I serve on a lot of graduate committees. I also end up as statistical consultant for a lot of students and faculty. So I see a lot of people thinking through their models and statistical approaches.
One trend I am noticing is that most people are staying within the linear framework (e.g. not GAM or regression tree), but their models are becoming increasingly complex. That is to say more and more terms are being included. And they are more and more of what I would call blocking/nuisance terms. I’m not talking about “big data” or exploratory or data mining approaches where people have dozens of potential variables and no clue which to use.
I’m talking about traditional field experiments or behavioral/physiological observations of individuals or small scale observational studies. And I’m noticing in the dark ages (=when I was in graduate school=11 years ago) there would be a 2 or at most 3-way ANOVA with maybe one or two interaction terms. Now everybody is running multivariate regressions or more often mixed effect models. And there are often 4-5 fixed effects and 3 or 4 (often with nesting) random effects and many more interaction terms and even sometimes people want/try to look at interaction terms among random effects (an intensely debated topic I am not going to weigh in on).
As one example – in the past I almost never saw people who collected data over two or three years (i.e. all PhD programs and grants) include year as an explanatory factor (fixed or random) unless there was really extreme variability that got turned into a hypothesis (e.g. El Nino vs La Nina which happened not infrequently in Arizona). Now everybody throws in year as an explanatory factor even when they don’t think there was meaningful year-to-year variability.
And for what it’s worth, putting even two crossed (as opposed to nested) random factors into the lme command in the nlme R package was somewhat arcane and of mixed recommendability, while crossed random effects are easily incorporated in the newer lmer command in lme4. So it might just be evolving software, but I don’t really believe software capacity alone is driving this because I’m also seeing the number of fixed factors going up and I never used to hear people complaining about it being hard to include 2 crossed random factors in lme. But it does prove the complexity of models has gone up since the models I see as common place today weren’t even supported by the software 3-5 years ago.
Now I am on record that the move to multivariate regression framing instead of ANOVA is a very good thing.

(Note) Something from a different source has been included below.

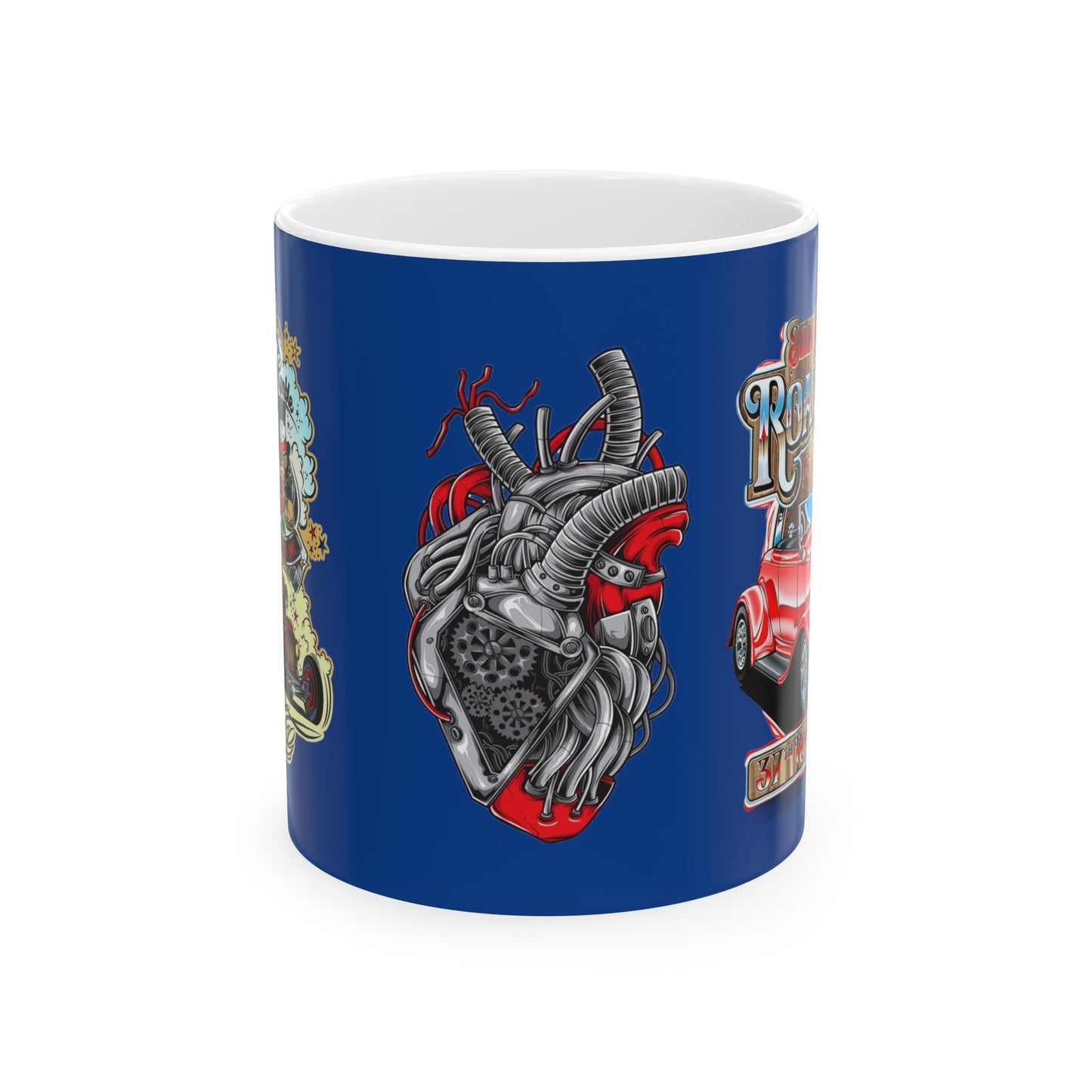 Roadsters Heart Engine Mug 11 Ounces Dark Blue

And I haven’t said it in this blog but every time I teach mixed effect models I say they’re one of the most important advances in statistics for ecology over the last couple of decades. So I’m not critiquing the modelling tools.
But I am suspicious of the marked increase of the number of factors from approximately 2-3 with few interactions to 4-8 with many interactions (and again this is not in an exploratory framework with dozens of variables and something like regression trees). I’m a notorious curmudgeon, suspicious of any increase in statistical complexity that is not strongly justified in changing our ECOLOGICAL (not statistical interpretations). But I’m clearly out of the mainstream. And although I can say some particular specific practices or motives around complex models are wrong, I cannot say that more complex models in general are wrong. So maybe I’m missing something here.
So please enlighten me by taking the below poll on why you think models have become more complex over the last 10 years. You can check up to six boxes but 2-4 is probably more informative.
(I am going to offer my own opinions in a future blog post but I don’t want to bias the poll because I am really genuinely curious about what s driving this phenomenon – and by the same token I’m not going to be active in the comments on this post but hope you are).
Do you have any good examples where your ecological understanding was greatly increased by 4-8 factors instead of 2-3? Do you have an example of a killer interpretation of 4 factors in one model? Do you think you’re still in a hypothesis testing framework when you have, for example, 5 fixed factors and three random factors? What about if you’ve done some model comparisons to get from 5 fixed/3 random down to 3 fixed/2 random?